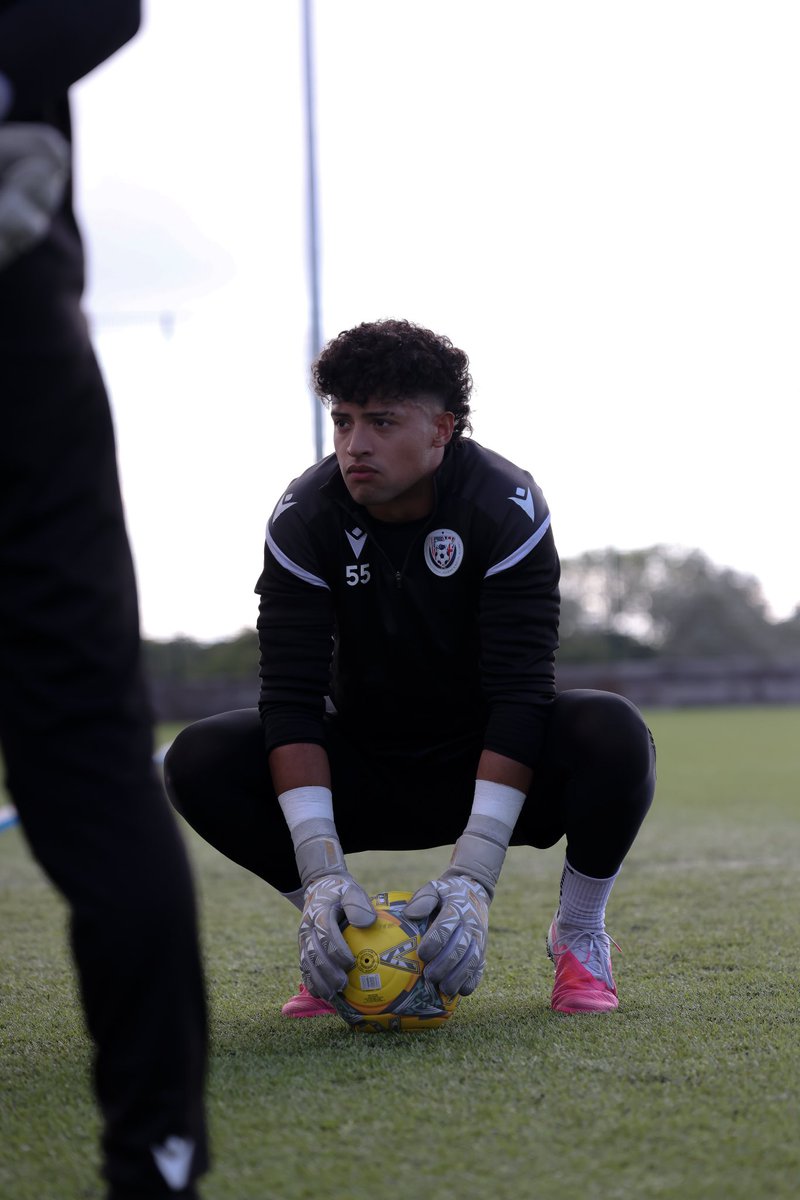 OfficialRIASA's tweet photo. Friday work in the bank. ⚽️

Another strong session from the boys as we close out the week and keep building.

#FootballTraining #SoccerTraining #StudentAthlete #FootballDevelopment #CollegeSoccer https://t.co/4GIHi5hdip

▸ **What the exercise asks**
Recreate the listing above word for word, dropping each picture it contains.

▸ **Written solution**
 OfficialRIASA's tweet photo. Friday work in the bank. ⚽️

Another strong session from the boys as we close out the week and keep building.

#FootballTraining #SoccerTraining #StudentAthlete #FootballDevelopment #CollegeSoccer https://t.co/4GIHi5hdip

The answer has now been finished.